Similarly, the alleged “blurring” between “rater and issue[r]” (id. ¶ 63 (quotation marks and citation omitted)) does not constitute a plausible allegation that a rating was disbelieved. See In re Lehman Bros., 684 F.Supp.2d at 491-92 (discussing allegations of “rating shopping,” in which Lehman Bros, allegedly “paid the ratings agencies for their ratings”; concluding that such allegations fail to state a claim, in part because “the risk that the ratings agencies operated under a conflict of interest because they were paid by the issuers had been known publicly for years”); see also Plumbers' & Pipefitters' Loc. No. 562 Supplemental Plan & Tr. v. IP. Morgan Acceptance Corp. I, 2012 WL 601448, at *15 (E.D.N.Y. Feb. 23, 2012) (in discussing conflicts of interest, noting that “[t]he Securities Act of 1933 . . . does not require offerings to disclose information that is already public”); In re Moody's Corp. Sec.
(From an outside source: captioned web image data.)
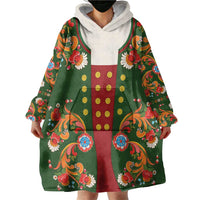 Norwegian Male Bunad Wearable Blanket Hoodie with Rosemaling Folk Art Green Color - Wonder Print Shop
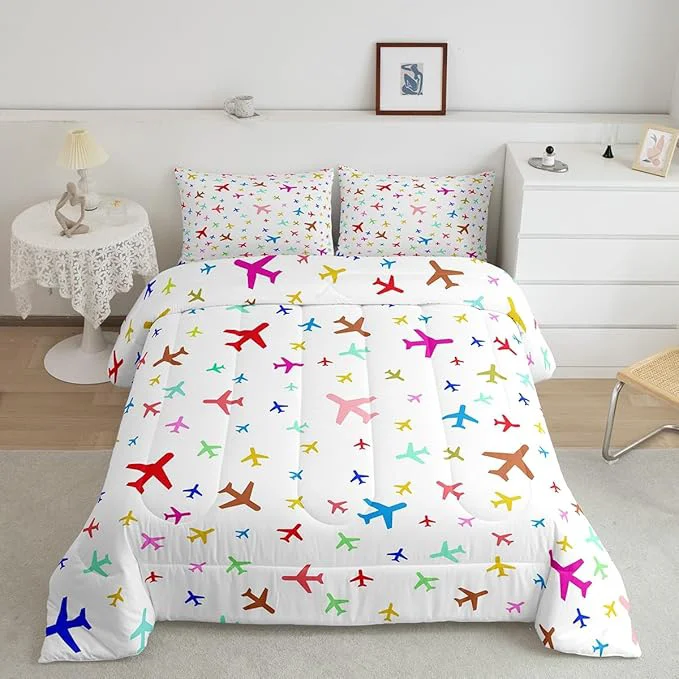 Pure Castle Fairy Kids Aircraft Bedding Set for Boys Girls Watercolor Transportation Vehicles All Season Cozy Comforter Set Full Size Boys Airplanes Colorful Duvet Set Bedroom Décor Gift for Kids Breathable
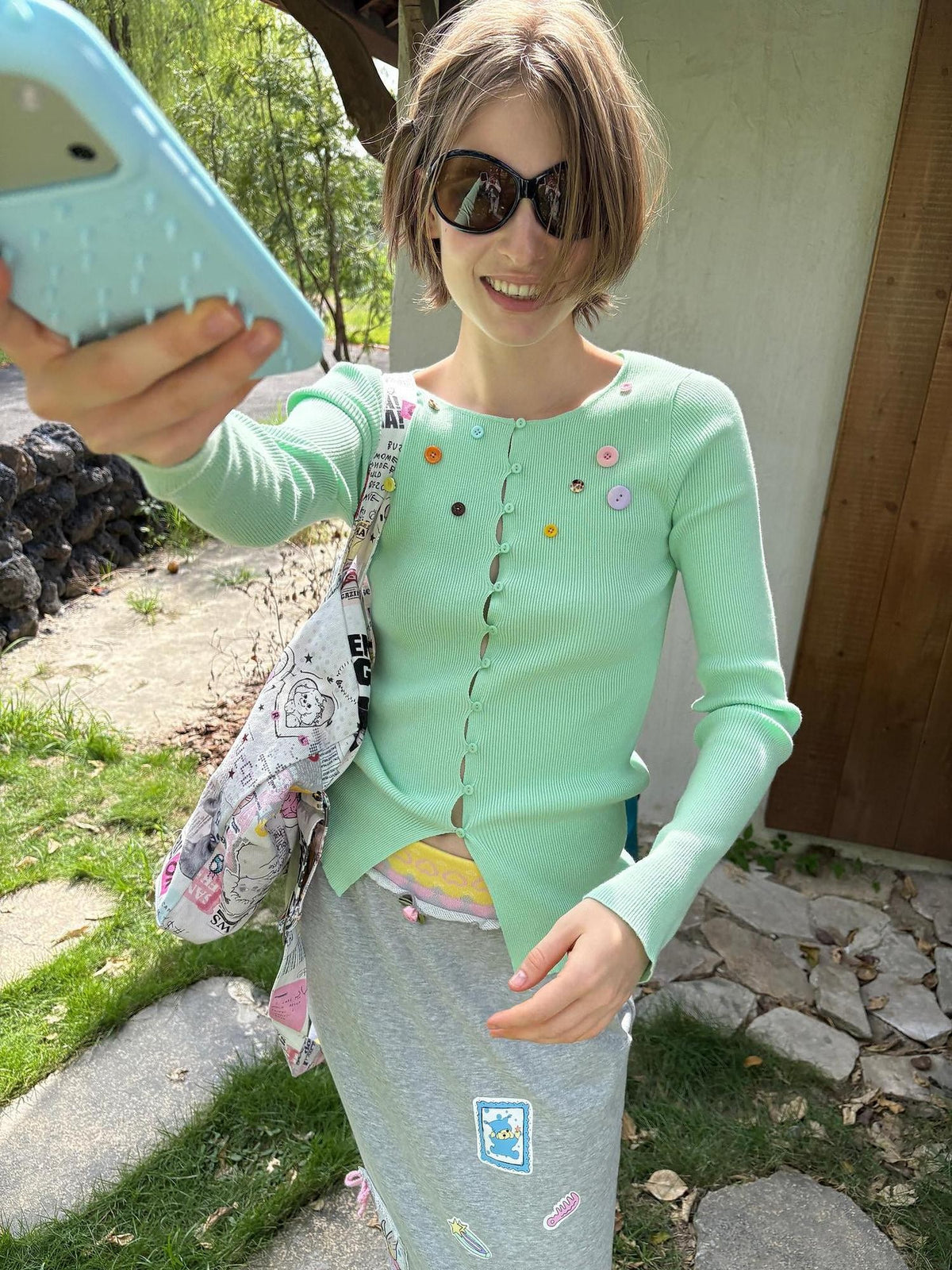 sancco house Rainbow Button Ribbed Slim Fit Knit Women&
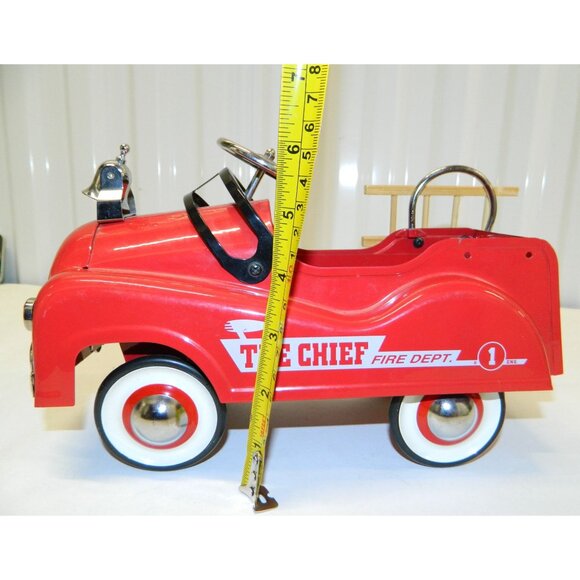 Christmas Farm Decor Red Metal Pedal Car "The Chief" Fire Truck Dept. Flower Pot - Picture 4 of 11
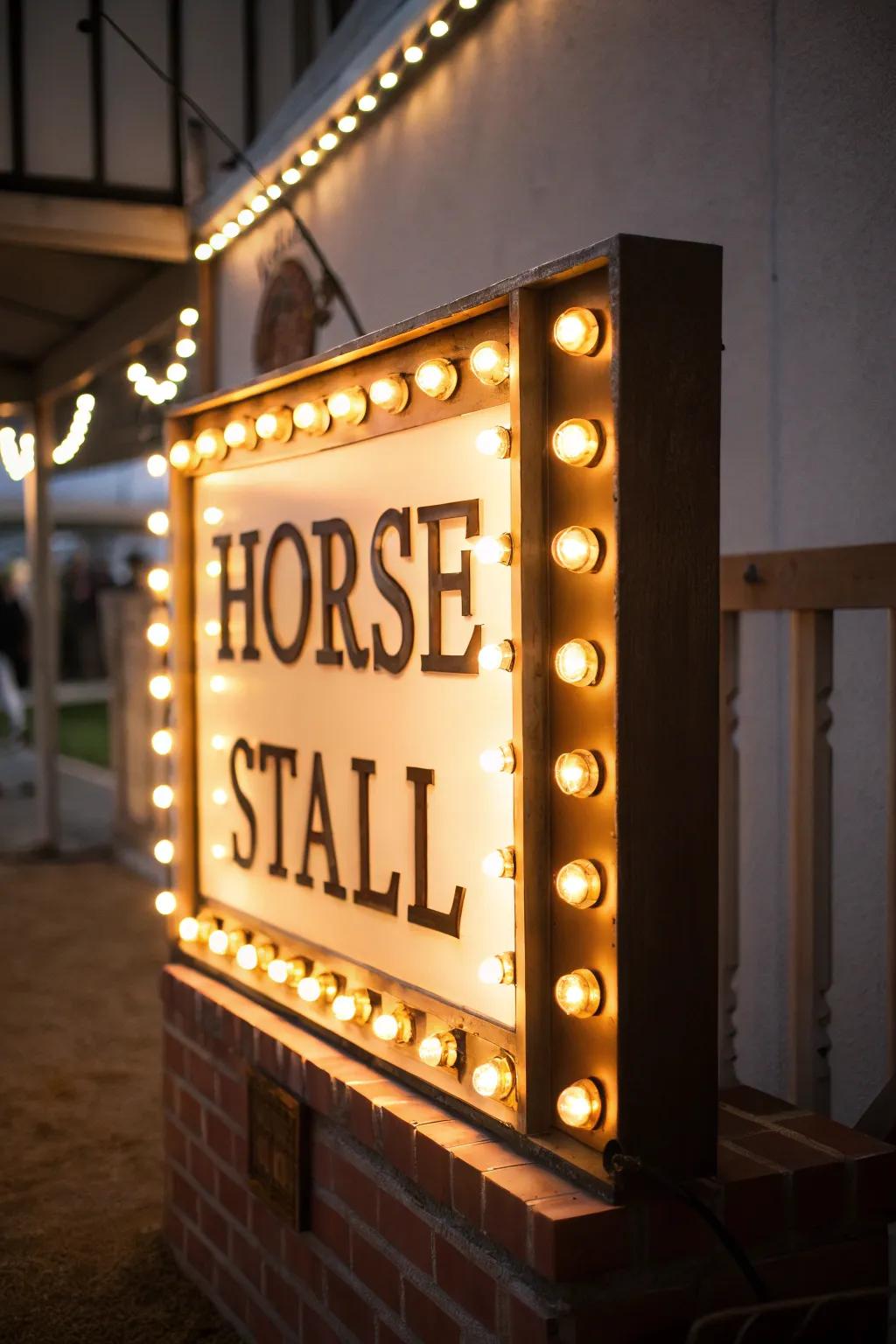 A brightened stall marker ensuring nighttime visibility.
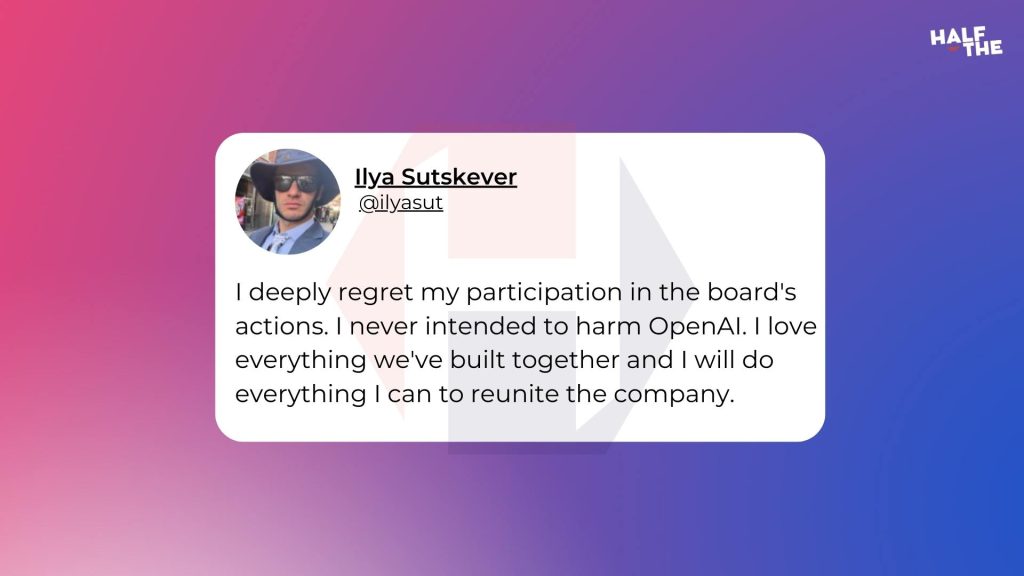 Ilya Sutskever Expresses Regret Over OpenAI Board Decisions Amidst Employee Backlash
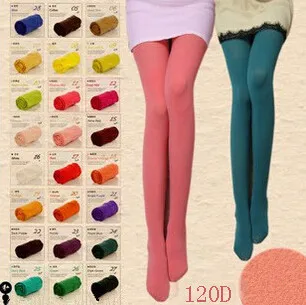 

1PC New Pantyhose Girls Autumn/Spring Tights Candy Color 120D Velvet Pantyhose Fashion Best Sale Free Shipping
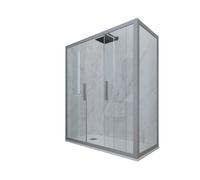 CABINE PAROIS DOUCHE ANGULAIRE COULISSANTE EN PVC ARGENT GLAM DUO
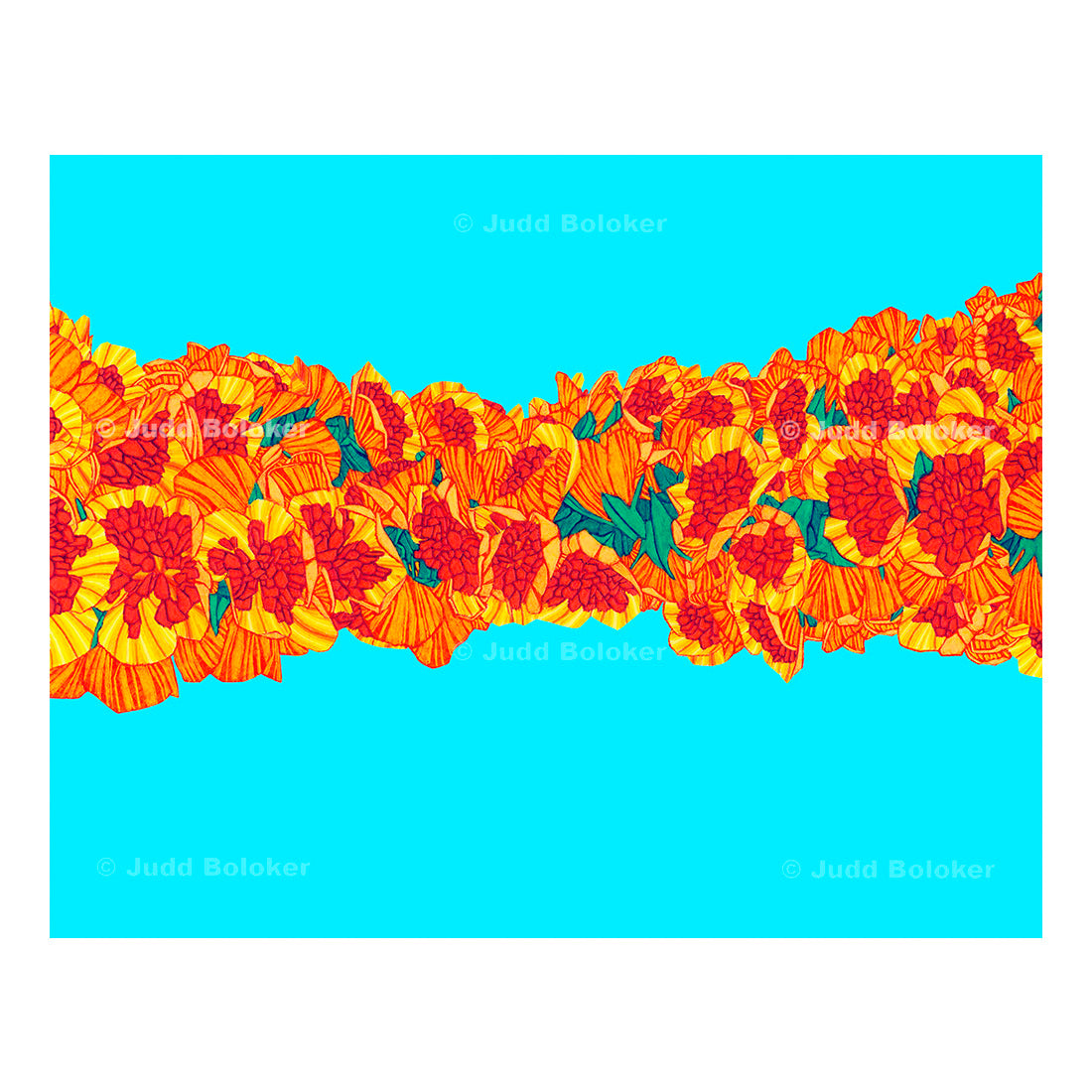 Lantern Ilima lei wall art print by Oahu visual artist Judd Boloker. Made in Hawaii. Hawaiian print. Fine Art from Hawaii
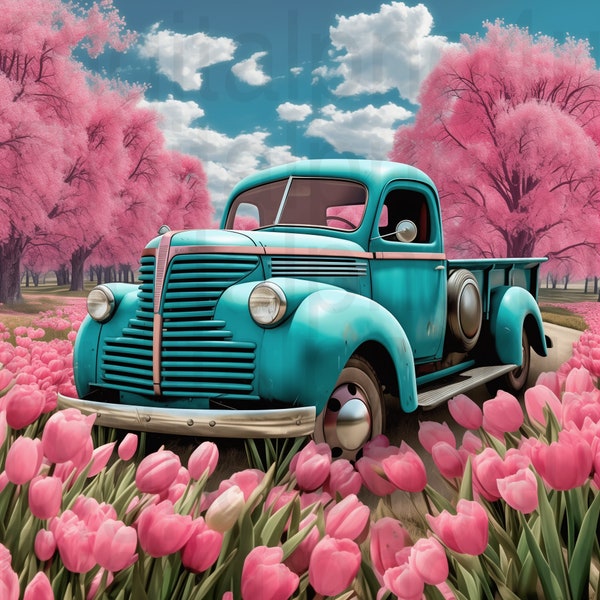 Old teal truck and spring flowers png sublimation digital design download wreath sign wind spinner cutting board shadow box image png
Litig., 2013 WL 4516788, at *1 (S.D.N.Y. Aug. 23, 2013) (“Moody's publicly available Professional Code of Conduct, which was adopted in June of 2005, sets forth its policies and procedures about managing the conflicts of interest inherent in this ‘issuer pays' model.”); United States v. McGraw-Hill Companies, Inc, 2014 WL 1647385, at *1 (C.D. Cal. Apr. 15, 2014) (“As of June 2007, [nationally recognized statistical rating organization] status was based, in part, on S&P's submission of its ‘Code of Conduct' to address questions about the management of ‘conflicts of interest.'”); New Jersey Carpenters Health Fund v. Residential Capital, LLC, 2010 WL 1257528, at *7 (S.D.N.Y. Mar. 31, 2010) (“Conflicts of interest between rating agencies and underwriters due to the pay structure was known, considered, and published in SEC reports from at least 2003 .... There were also a number of trade journal and other press articles that discussed rating agency payment by investment banks. ... A reasonable investor would be expected to know that the rating agencies were paid by the investment banks that hired them, and that they had a hand in determining the structure of securitizations.” (citation and quotation marks omitted)).

And while Plaintiffs cite a statement from a former Moody's executive that “‘the ratings process became a negotiation'” (id. ¶ 65 (citation omitted)), that statement does not demonstrate that the ratings in general were inaccurate, fraudulent, wrong, or disbelieved, much less that any particular rating was inaccurate, fraudulent, wrong, or disbelieved. Compare, e.g.. Negotiation, Black's Law Dictionary (11th ed. 2019) (“A consensual bargaining process in which the parties attempt to reach agreement on a disputed or potentially disputed matter”) with Disbelief, https://www.meriam-webster.com/disbelief (last visited Oct. 9, 2023) (“the act of disbelieving; mental rejection of something as untrue”). Assuming that the Rating Agencies negotiated with investment banks regarding appropriate ratings, this circumstance does not demonstrate that the ratings that were later issued were inaccurate, fraudulent, wrong, or disbelieved, much less that any particular rating was inaccurate, fraudulent, wrong, or disbelieved.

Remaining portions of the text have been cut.